Virgin Atlantic will seek to ensure competition is protected once International Airlines Group, parent of rival British Airways, takes over Aer Lingus.
The Irish government recently agreed to sell its 25% stake in Aer Lingus to IAG, and 4.99% stakeholder Etihad Airways has agreed to do the same.
Virgin Atlantic’s chief executive, Craig Kreeger, speaking on the sidelines of the Iata annual meeting in Miami, told Reuters: “We expect that the transaction will ultimately reach conclusion, but we’d certainly love to see a hard look at what kind of remedies might be appropriate to allow competitive connectivity to Ireland to continue to exist.”
Virgin Atlantic partnered with Aer Lingus to operate domestic UK flights under the Little Red brand, although the service is being scrapped.

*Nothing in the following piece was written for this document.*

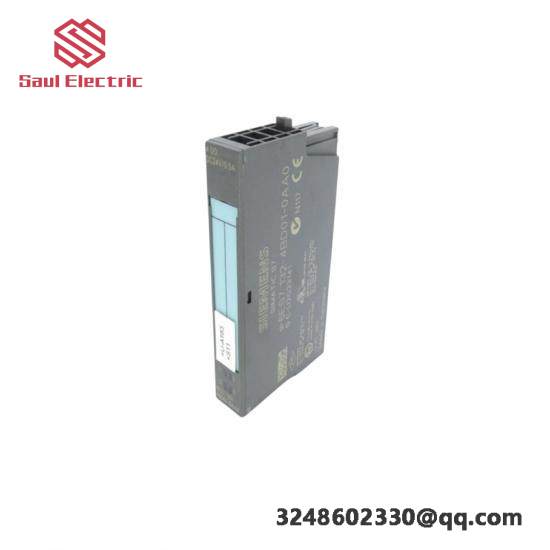 Siemens 6ES7134-4JB50-0AB0 Electronics Module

“We’ll just have to wait and see what Virgin’s relationship with Aer Lingus will look like after a takeover deal”, Kreeger said.
He added that joining Aer Lingus’s transatlantic operation with IAG’s, which already controls a significant amount of the North Atlantic market, was of concern to him.
In particular, he said the government could take action to allow for competitive pricing. He did not specify which government he was talking about.
“We just like to see customers have competitive alternatives, and we’d like to be a part of that,” Kreeger said.